▼

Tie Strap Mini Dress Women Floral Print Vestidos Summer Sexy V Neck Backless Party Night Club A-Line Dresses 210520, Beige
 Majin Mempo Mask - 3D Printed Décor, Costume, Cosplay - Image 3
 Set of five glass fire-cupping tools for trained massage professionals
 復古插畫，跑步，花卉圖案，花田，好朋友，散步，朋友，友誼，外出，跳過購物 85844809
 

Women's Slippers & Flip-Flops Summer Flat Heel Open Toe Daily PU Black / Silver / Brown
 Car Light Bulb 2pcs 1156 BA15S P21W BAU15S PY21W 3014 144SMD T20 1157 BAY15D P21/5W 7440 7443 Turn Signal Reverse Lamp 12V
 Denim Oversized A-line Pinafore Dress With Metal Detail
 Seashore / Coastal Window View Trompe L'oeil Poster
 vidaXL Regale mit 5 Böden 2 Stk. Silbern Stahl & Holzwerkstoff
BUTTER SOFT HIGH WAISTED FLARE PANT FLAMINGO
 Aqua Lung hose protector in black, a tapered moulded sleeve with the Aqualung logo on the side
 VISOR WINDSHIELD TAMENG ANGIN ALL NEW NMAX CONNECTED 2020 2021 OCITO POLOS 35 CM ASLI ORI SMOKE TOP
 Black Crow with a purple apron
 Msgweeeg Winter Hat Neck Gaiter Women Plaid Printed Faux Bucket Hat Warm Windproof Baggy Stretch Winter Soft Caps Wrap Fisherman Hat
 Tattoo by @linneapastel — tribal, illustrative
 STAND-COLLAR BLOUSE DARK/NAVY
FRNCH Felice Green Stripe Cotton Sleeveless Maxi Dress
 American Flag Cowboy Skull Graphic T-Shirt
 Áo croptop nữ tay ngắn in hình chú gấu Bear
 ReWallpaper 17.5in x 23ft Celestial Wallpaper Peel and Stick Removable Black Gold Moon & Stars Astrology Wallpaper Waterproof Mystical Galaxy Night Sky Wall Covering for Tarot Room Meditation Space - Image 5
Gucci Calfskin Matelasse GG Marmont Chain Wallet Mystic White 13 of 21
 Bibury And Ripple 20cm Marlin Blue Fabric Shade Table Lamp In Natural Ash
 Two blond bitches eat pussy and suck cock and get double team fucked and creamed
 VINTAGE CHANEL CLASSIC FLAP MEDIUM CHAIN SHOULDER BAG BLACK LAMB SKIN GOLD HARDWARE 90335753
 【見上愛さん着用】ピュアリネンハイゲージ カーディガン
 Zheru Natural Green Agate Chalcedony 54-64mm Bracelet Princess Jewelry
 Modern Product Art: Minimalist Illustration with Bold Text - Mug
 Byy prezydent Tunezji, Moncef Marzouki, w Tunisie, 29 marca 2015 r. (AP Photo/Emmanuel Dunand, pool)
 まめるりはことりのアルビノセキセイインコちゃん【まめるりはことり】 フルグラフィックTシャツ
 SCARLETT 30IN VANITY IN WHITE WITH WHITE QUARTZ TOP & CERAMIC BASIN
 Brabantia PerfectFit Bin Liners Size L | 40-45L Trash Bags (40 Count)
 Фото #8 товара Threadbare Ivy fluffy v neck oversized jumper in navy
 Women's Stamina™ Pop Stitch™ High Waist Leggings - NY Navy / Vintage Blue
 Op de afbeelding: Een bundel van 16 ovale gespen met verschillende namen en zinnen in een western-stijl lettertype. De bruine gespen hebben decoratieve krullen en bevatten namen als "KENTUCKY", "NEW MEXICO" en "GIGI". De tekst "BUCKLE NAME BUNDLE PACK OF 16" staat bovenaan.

▲

**Problem to work on:** Set down each entry above again exactly as it reads.

**Exercise answer:**
Tie Strap Mini Dress Women Floral Print Vestidos Summer Sexy V Neck Backless Party Night Club A-Line Dresses 210520, Beige
 Majin Mempo Mask - 3D Printed Décor, Costume, Cosplay - Image 3
 Set of five glass fire-cupping tools for trained massage professionals
 復古插畫，跑步，花卉圖案，花田，好朋友，散步，朋友，友誼，外出，跳過購物 85844809
 

Women's Slippers & Flip-Flops Summer Flat Heel Open Toe Daily PU Black / Silver / Brown
 Car Light Bulb 2pcs 1156 BA15S P21W BAU15S PY21W 3014 144SMD T20 1157 BAY15D P21/5W 7440 7443 Turn Signal Reverse Lamp 12V
 Denim Oversized A-line Pinafore Dress With Metal Detail
 Seashore / Coastal Window View Trompe L'oeil Poster
 vidaXL Regale mit 5 Böden 2 Stk. Silbern Stahl & Holzwerkstoff
BUTTER SOFT HIGH WAISTED FLARE PANT FLAMINGO
 Aqua Lung hose protector in black, a tapered moulded sleeve with the Aqualung logo on the side
 VISOR WINDSHIELD TAMENG ANGIN ALL NEW NMAX CONNECTED 2020 2021 OCITO POLOS 35 CM ASLI ORI SMOKE TOP
 Black Crow with a purple apron
 Msgweeeg Winter Hat Neck Gaiter Women Plaid Printed Faux Bucket Hat Warm Windproof Baggy Stretch Winter Soft Caps Wrap Fisherman Hat
 Tattoo by @linneapastel — tribal, illustrative
 STAND-COLLAR BLOUSE DARK/NAVY
FRNCH Felice Green Stripe Cotton Sleeveless Maxi Dress
 American Flag Cowboy Skull Graphic T-Shirt
 Áo croptop nữ tay ngắn in hình chú gấu Bear
 ReWallpaper 17.5in x 23ft Celestial Wallpaper Peel and Stick Removable Black Gold Moon & Stars Astrology Wallpaper Waterproof Mystical Galaxy Night Sky Wall Covering for Tarot Room Meditation Space - Image 5
Gucci Calfskin Matelasse GG Marmont Chain Wallet Mystic White 13 of 21
 Bibury And Ripple 20cm Marlin Blue Fabric Shade Table Lamp In Natural Ash
 Two blond bitches eat pussy and suck cock and get double team fucked and creamed
 VINTAGE CHANEL CLASSIC FLAP MEDIUM CHAIN SHOULDER BAG BLACK LAMB SKIN GOLD HARDWARE 90335753
 【見上愛さん着用】ピュアリネンハイゲージ カーディガン
 Zheru Natural Green Agate Chalcedony 54-64mm Bracelet Princess Jewelry
 Modern Product Art: Minimalist Illustration with Bold Text - Mug
 Byy prezydent Tunezji, Moncef Marzouki, w Tunisie, 29 marca 2015 r. (AP Photo/Emmanuel Dunand, pool)
 まめるりはことりのアルビノセキセイインコちゃん【まめるりはことり】 フルグラフィックTシャツ
 SCARLETT 30IN VANITY IN WHITE WITH WHITE QUARTZ TOP & CERAMIC BASIN
 Brabantia PerfectFit Bin Liners Size L | 40-45L Trash Bags (40 Count)
 Фото #8 товара Threadbare Ivy fluffy v neck oversized jumper in navy
 Women's Stamina™ Pop Stitch™ High Waist Leggings - NY Navy / Vintage Blue
 Op de afbeelding: Een bundel van 16 ovale gespen met verschillende namen en zinnen in een western-stijl lettertype. De bruine gespen hebben decoratieve krullen en bevatten namen als "KENTUCKY", "NEW MEXICO" en "GIGI". De tekst "BUCKLE NAME BUNDLE PACK OF 16" staat bovenaan.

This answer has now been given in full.